Problem to solve: Repeat only the lines between the one with "대통령 집무실 정부서울청사 이전, 靑 아직 추진단계 아니다" and the end of the material below, both ends included. Omit any picture.

Recorded data:
##############################
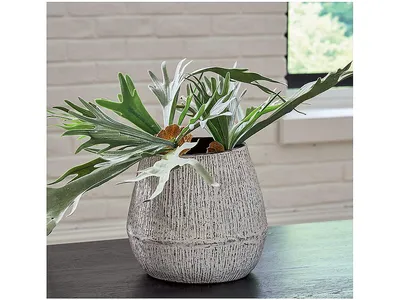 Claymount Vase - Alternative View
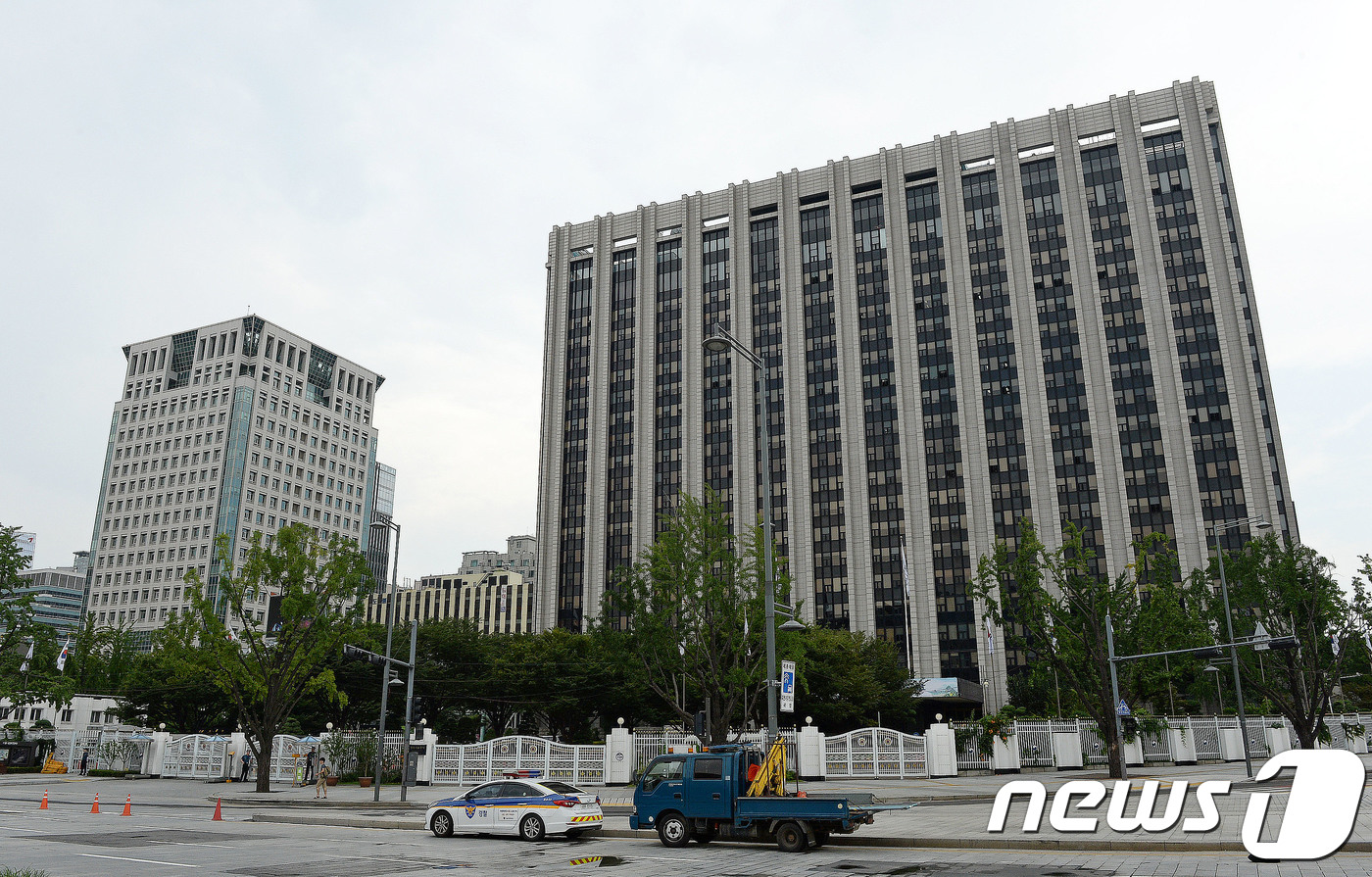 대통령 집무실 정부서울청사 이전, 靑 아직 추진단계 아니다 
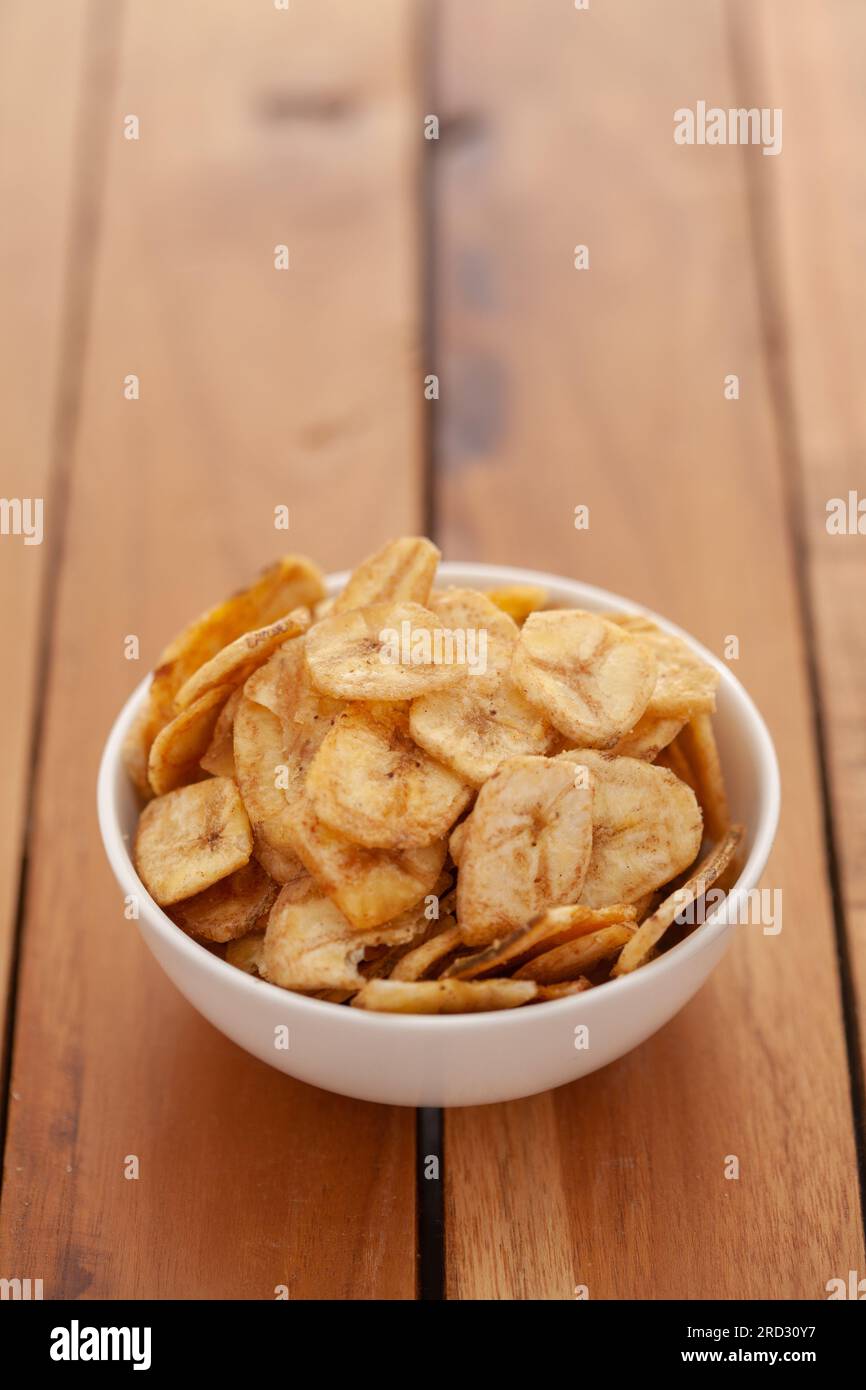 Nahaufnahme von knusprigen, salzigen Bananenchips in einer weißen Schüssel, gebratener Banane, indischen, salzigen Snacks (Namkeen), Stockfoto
##############################
Output for this exercise:
 대통령 집무실 정부서울청사 이전, 靑 아직 추진단계 아니다 
 Nahaufnahme von knusprigen, salzigen Bananenchips in einer weißen Schüssel, gebratener Banane, indischen, salzigen Snacks (Namkeen), Stockfoto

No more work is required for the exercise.